Supplied data ::

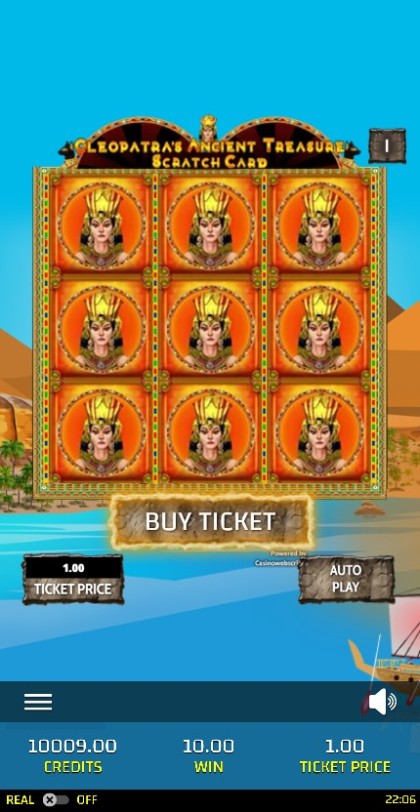Cleopatra Ancient Treasures Scratch Card mobile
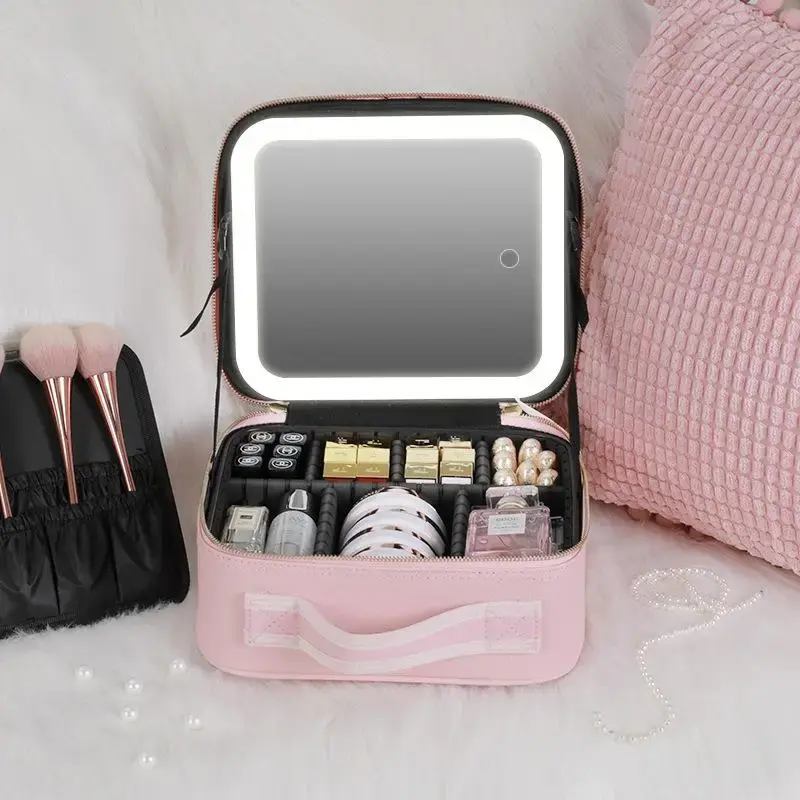 Travel Makeup Bag with LED Lighted Mirror, 1 Count Adjustable Brightness Waterproof Cosmetic Train Case Organizer with DIY Di...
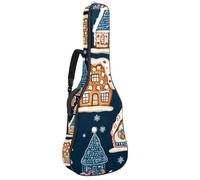 Bolsa de guitarra de tamaño completo, funda de transporte impermeable para guitarras eléctricas acústicas, clásicas, bastones de caramelo de Navidad y copos de nieve, Multicolor 08, 42.9x16.9x4.7 in,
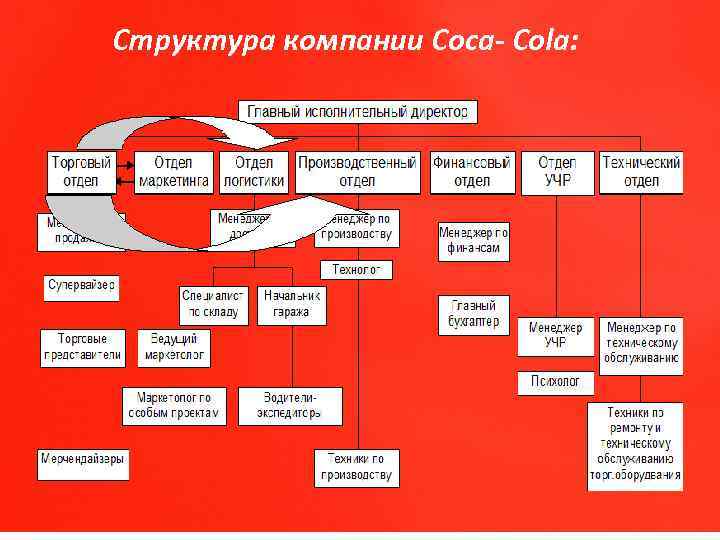 Структура компании Coca- Cola: 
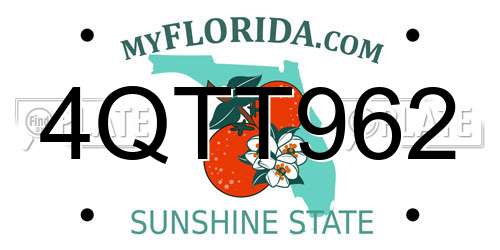 4QTT962 Florida License Plate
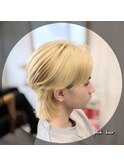 メンズカット　マッシュウルフ　抜きっぱなしブリーチ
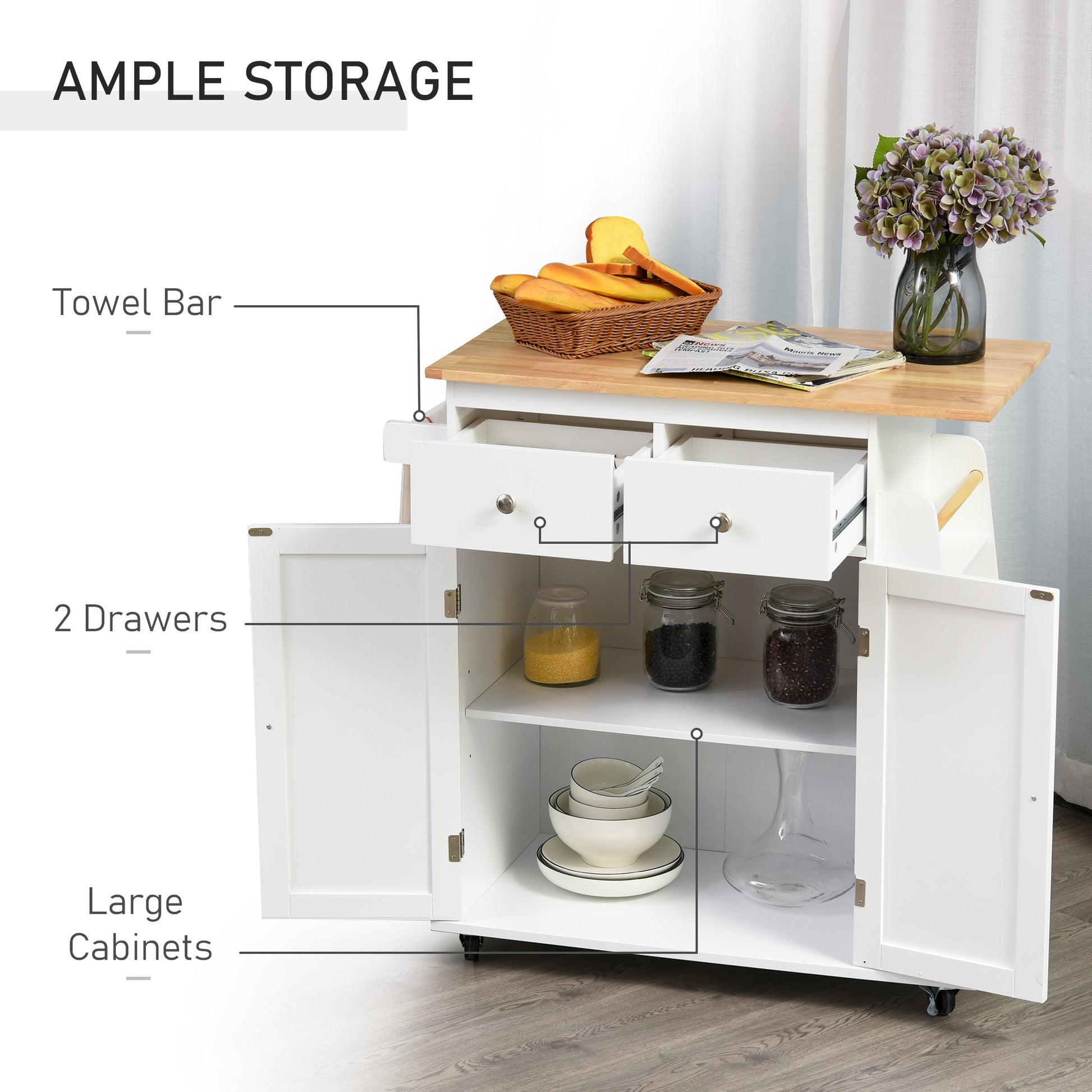 Rolling Kitchen Island Trolley Storage Cart with Rubber Wood Top, 3-Tier Spice Rack, Towel Rack Home Kitchen Carts, Whit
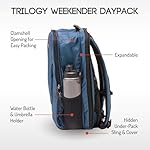 Trilogy Weekender Daypack I Opens like a suitcase, for easy packing. Expands into a 22-liter weekender. Hidden under-bag sling holds yoga mat/sleeping bag, and doubles as a rear cover (Blue) - Image 3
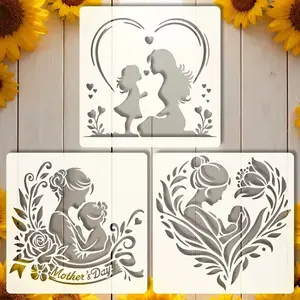 This 3-piece reusable parent-child drawing template set includes floral and heart patterns, a Mother's Day theme, DIY paper cutting stickers, and is an excellent choice for wall and window decorations and custom Mother's Day drawing tools.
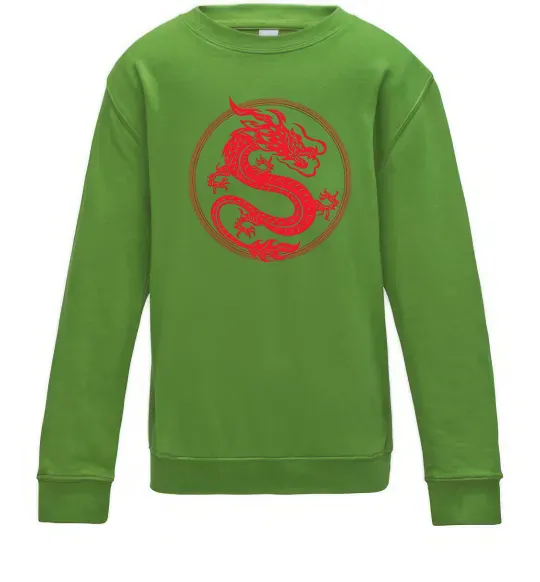 Дитячий світшот Дракон в колі Лаймовий фото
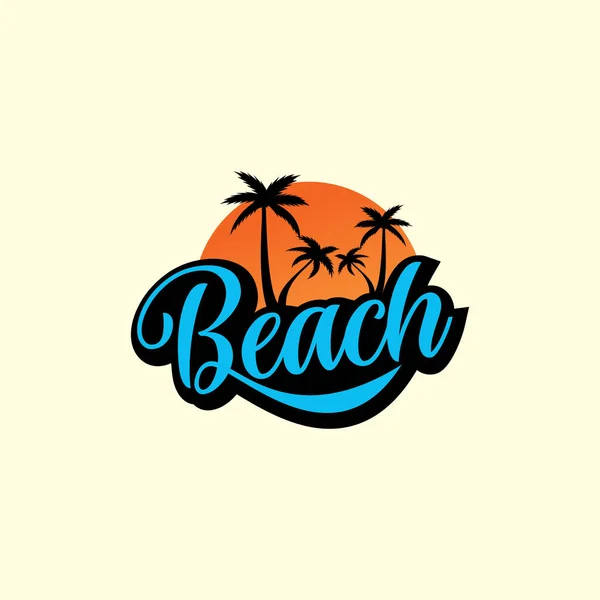 Strand Meer Sonnenuntergang Logo Design Vektor Illustration — Stockvektor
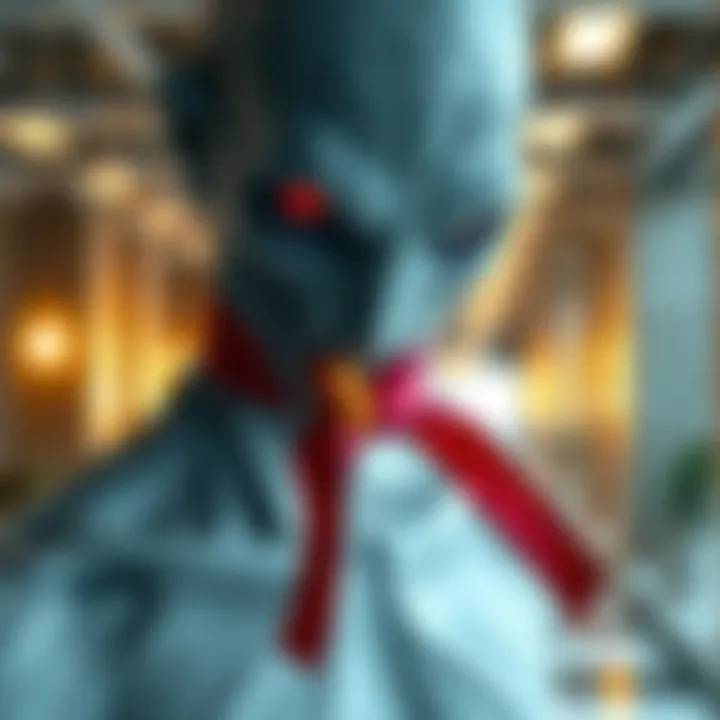 Close-up of bald wraith skin featuring a colorful ribbon, shown in a lobby setting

What you need to do :: Starting where a line contains "4QTT962 Florida License Plate" and finishing at the last line above, set down every line exactly as it reads, with no pictures.

Task solution ::
 4QTT962 Florida License Plate
 メンズカット　マッシュウルフ　抜きっぱなしブリーチ
 Rolling Kitchen Island Trolley Storage Cart with Rubber Wood Top, 3-Tier Spice Rack, Towel Rack Home Kitchen Carts, Whit
 Trilogy Weekender Daypack I Opens like a suitcase, for easy packing. Expands into a 22-liter weekender. Hidden under-bag sling holds yoga mat/sleeping bag, and doubles as a rear cover (Blue) - Image 3
 This 3-piece reusable parent-child drawing template set includes floral and heart patterns, a Mother's Day theme, DIY paper cutting stickers, and is an excellent choice for wall and window decorations and custom Mother's Day drawing tools.
 Дитячий світшот Дракон в колі Лаймовий фото
 Strand Meer Sonnenuntergang Logo Design Vektor Illustration — Stockvektor
 Close-up of bald wraith skin featuring a colorful ribbon, shown in a lobby setting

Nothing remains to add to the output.